Review: Thomas Grill at May Gallery

Installation view of Thomas Grill's "World Construction, Variation: Empty Vessel" at May Gallery & Residency, New Orleans.

Thomas Grill
May Gallery & Residency
2839 N. Robertson Street #105
October 11–November 23, 2013

Media artist Thomas Grill recently spent a month in New Orleans at May Gallery, recording the sounds of the surrounding neighborhood. Part of his ongoing series of site-specific sound installations, Grill turned the recordings into a listening experience inside the gallery. The 98 speakers lining the walls don’t all operate in unison. The recordings ebb and flow from different locations, hitting the ear in waves. Bits of human chatter occasionally intrude, but the sounds are mostly mechanical—metal screeches and squeaks, train whistles, and other industrial clamors. While the title, "World Construction, Variation: Empty Vessel," refers to composer Alvin Lucier’s 1997 work Empty Vessels, which used empty bottles to capture sound and amplify resonance, the gallery space itself is the vessel here.

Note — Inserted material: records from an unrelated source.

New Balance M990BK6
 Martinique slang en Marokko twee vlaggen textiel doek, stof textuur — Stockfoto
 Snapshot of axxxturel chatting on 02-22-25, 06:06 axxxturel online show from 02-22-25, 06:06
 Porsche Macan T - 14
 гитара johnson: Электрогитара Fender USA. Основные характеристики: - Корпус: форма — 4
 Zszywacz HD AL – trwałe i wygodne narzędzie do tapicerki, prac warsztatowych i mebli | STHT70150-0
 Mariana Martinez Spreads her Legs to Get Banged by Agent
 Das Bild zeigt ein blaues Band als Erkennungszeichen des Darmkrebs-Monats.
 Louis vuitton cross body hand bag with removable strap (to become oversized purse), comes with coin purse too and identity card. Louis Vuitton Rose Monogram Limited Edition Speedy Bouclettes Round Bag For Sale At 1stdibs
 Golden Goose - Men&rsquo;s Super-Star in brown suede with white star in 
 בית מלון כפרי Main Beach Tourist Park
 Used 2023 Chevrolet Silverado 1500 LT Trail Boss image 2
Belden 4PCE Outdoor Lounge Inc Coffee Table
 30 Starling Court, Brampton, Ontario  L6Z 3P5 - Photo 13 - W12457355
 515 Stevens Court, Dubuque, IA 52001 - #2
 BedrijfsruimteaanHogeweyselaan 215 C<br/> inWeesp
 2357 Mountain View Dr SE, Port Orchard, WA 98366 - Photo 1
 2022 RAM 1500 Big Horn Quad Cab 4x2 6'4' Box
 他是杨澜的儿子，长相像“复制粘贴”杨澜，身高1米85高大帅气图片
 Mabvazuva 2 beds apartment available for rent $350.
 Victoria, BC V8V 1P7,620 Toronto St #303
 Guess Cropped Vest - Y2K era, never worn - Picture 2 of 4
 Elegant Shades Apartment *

Video projected on three walls creates a horizon line above the speakers. The view from under an overpass, the lush top of a cluster of trees, and graffiti-marked buildings that could easily be found by the neighboring Press Street tracks all serve as a visual backdrop. The entire experience transforms the banal sounds of modernity into something like a symphony. A motorcycle revving its engine, the thump of every car driving on the concrete overpass, these same noises that tend to fade into the background of our daily lives take on a unique harmony in isolation. Leaving the building and walking outside, I was momentarily confused by the cars on the overpass, as if I were still in the gallery. I turned on the radio in my car and the DJ’s voice suddenly sounded foreign to me.